■ Problem description ■
Write out, from the entries below, exactly the lines that run between the lines holding "Volkswagen T-Cross 1.0 TSI SE 5dr" and "Slightly Used Royal", inclusive, and stop there.

■ Brief descriptive captions ■
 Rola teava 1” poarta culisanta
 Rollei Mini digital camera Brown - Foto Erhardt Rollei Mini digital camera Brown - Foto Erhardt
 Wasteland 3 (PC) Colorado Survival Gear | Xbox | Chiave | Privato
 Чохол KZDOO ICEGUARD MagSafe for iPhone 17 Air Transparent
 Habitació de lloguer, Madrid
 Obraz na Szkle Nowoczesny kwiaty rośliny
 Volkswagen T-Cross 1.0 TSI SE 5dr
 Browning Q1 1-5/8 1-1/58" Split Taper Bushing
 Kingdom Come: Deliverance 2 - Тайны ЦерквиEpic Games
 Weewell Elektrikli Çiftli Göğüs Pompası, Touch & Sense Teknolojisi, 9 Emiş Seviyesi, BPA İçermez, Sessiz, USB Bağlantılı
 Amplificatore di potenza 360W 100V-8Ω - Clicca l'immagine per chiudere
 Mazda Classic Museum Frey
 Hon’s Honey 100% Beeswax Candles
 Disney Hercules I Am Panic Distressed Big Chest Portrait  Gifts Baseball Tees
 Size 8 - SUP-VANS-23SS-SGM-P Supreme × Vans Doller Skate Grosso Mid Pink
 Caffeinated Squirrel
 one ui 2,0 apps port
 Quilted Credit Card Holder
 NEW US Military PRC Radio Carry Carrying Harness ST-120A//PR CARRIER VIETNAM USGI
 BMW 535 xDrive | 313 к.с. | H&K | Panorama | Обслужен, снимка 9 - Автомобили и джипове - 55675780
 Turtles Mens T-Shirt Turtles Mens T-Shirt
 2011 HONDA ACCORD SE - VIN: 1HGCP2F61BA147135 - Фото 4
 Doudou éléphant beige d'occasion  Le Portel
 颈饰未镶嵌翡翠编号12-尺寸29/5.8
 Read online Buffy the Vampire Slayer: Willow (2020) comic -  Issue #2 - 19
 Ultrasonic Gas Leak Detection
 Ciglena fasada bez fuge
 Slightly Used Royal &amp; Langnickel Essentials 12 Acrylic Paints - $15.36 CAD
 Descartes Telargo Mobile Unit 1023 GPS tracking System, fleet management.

■ Exercise output ■
 Volkswagen T-Cross 1.0 TSI SE 5dr
 Browning Q1 1-5/8 1-1/58" Split Taper Bushing
 Kingdom Come: Deliverance 2 - Тайны ЦерквиEpic Games
 Weewell Elektrikli Çiftli Göğüs Pompası, Touch & Sense Teknolojisi, 9 Emiş Seviyesi, BPA İçermez, Sessiz, USB Bağlantılı
 Amplificatore di potenza 360W 100V-8Ω - Clicca l'immagine per chiudere
 Mazda Classic Museum Frey
 Hon’s Honey 100% Beeswax Candles
 Disney Hercules I Am Panic Distressed Big Chest Portrait  Gifts Baseball Tees
 Size 8 - SUP-VANS-23SS-SGM-P Supreme × Vans Doller Skate Grosso Mid Pink
 Caffeinated Squirrel
 one ui 2,0 apps port
 Quilted Credit Card Holder
 NEW US Military PRC Radio Carry Carrying Harness ST-120A//PR CARRIER VIETNAM USGI
 BMW 535 xDrive | 313 к.с. | H&K | Panorama | Обслужен, снимка 9 - Автомобили и джипове - 55675780
 Turtles Mens T-Shirt Turtles Mens T-Shirt
 2011 HONDA ACCORD SE - VIN: 1HGCP2F61BA147135 - Фото 4
 Doudou éléphant beige d'occasion  Le Portel
 颈饰未镶嵌翡翠编号12-尺寸29/5.8
 Read online Buffy the Vampire Slayer: Willow (2020) comic -  Issue #2 - 19
 Ultrasonic Gas Leak Detection
 Ciglena fasada bez fuge
 Slightly Used Royal &amp; Langnickel Essentials 12 Acrylic Paints - $15.36 CAD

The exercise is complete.